Dissecting the Photocycle of the Bacteriorhodopsin E204Q Mutant from Kinetic Multichannel Difference Spectra. Extension of the Method of Singular Value Decomposition with Self-Modeling to Five Components

Abstract

Kinetic multichannel difference spectroscopy in the visible spectral range of the Glu204 → Gln(E204Q) site-directed mutant of bacteriorhodopsin revealed five spectrally distinct metastable intermediates, as for the wild type. Due to the perturbation of the extracellular proton release cluster, the late O intermediate accumulates in much higher amounts in this mutant, and the photocycle is not complicated by the pH-dependent branching observed in the wild type protein.

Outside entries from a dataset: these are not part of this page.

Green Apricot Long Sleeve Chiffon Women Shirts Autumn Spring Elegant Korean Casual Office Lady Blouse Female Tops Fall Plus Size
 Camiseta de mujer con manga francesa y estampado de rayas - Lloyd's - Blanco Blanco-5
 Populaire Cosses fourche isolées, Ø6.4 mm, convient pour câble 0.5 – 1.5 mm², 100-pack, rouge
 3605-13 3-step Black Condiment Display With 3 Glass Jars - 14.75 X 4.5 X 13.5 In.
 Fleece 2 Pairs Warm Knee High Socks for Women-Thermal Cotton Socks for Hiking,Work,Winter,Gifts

This mutant is therefore more amenable than the wild type to the determination of the intermediate spectra with the method of singular value decomposition with self-modeling, developed recently for three components (Zimányi et al. Proc. Natl. Acad. Sci. U.S.A.1999, 96, 4408−4413, 4414−4419). The method provides the most reliable spectra so far, defining the time evolution of the intermediates essential to the determination of the reaction scheme that describes the photocycle. The analysis confirms published results on this mutant by and large, but revises the locations of the L intermediates in the photocycle. In addition, it allows identification of the pH-dependent transitions of the photocycle, and offers an alternative mechanism for the pH dependence of the yield and kinetics of the late O intermediate.